╭──

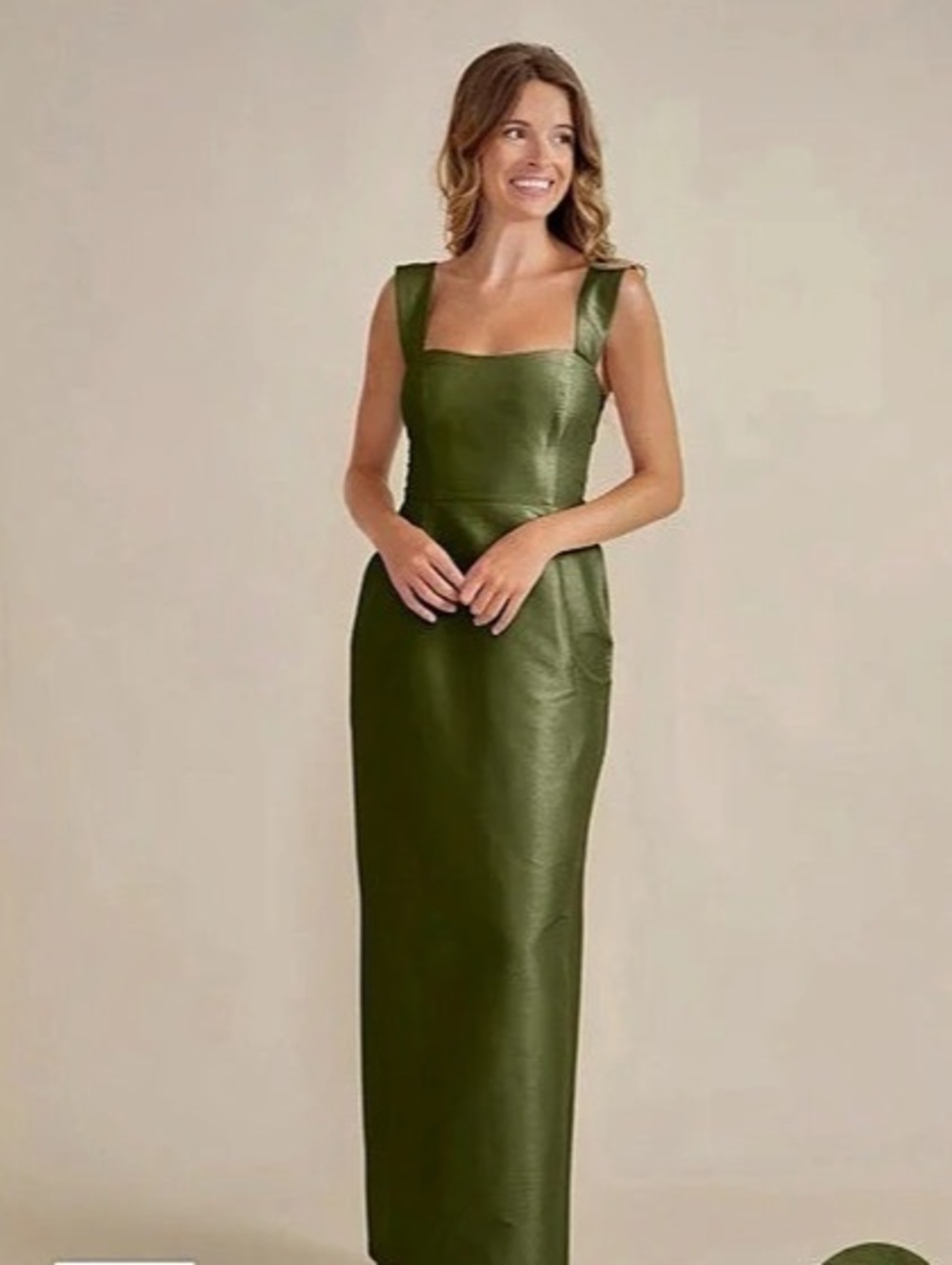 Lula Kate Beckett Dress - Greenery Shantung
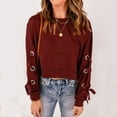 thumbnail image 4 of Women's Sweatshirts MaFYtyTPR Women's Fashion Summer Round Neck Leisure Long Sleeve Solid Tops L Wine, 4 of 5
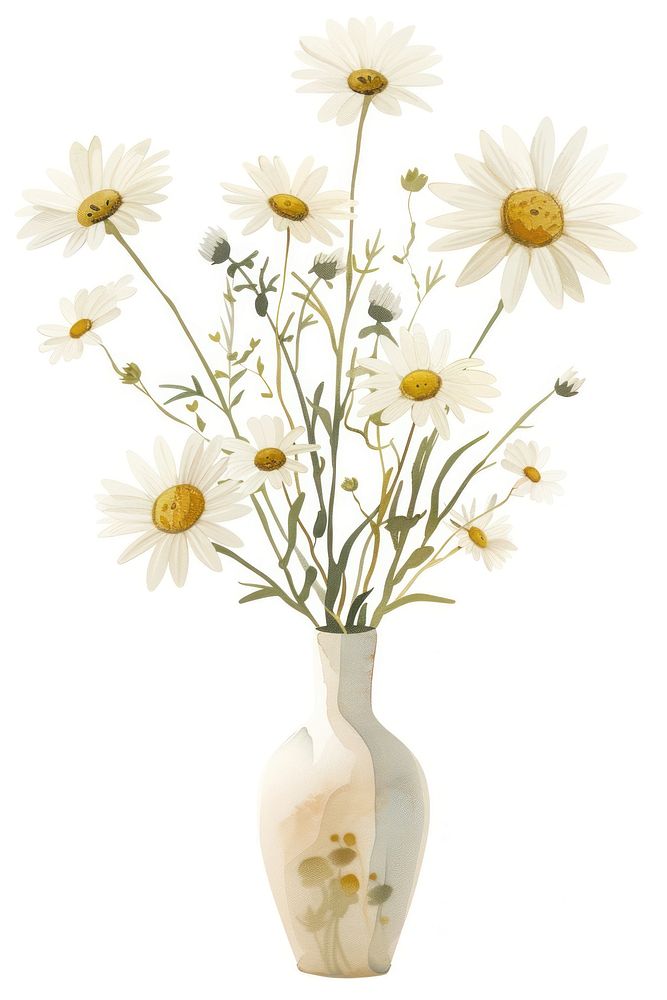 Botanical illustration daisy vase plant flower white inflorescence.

╰──

> _TASK GOAL_:
Omit the pictures, then copy out all the data exactly as it stands.

> _THE COMPLETED TASK_:
 Lula Kate Beckett Dress - Greenery Shantung
 thumbnail image 4 of Women's Sweatshirts MaFYtyTPR Women's Fashion Summer Round Neck Leisure Long Sleeve Solid Tops L Wine, 4 of 5
 Botanical illustration daisy vase plant flower white inflorescence.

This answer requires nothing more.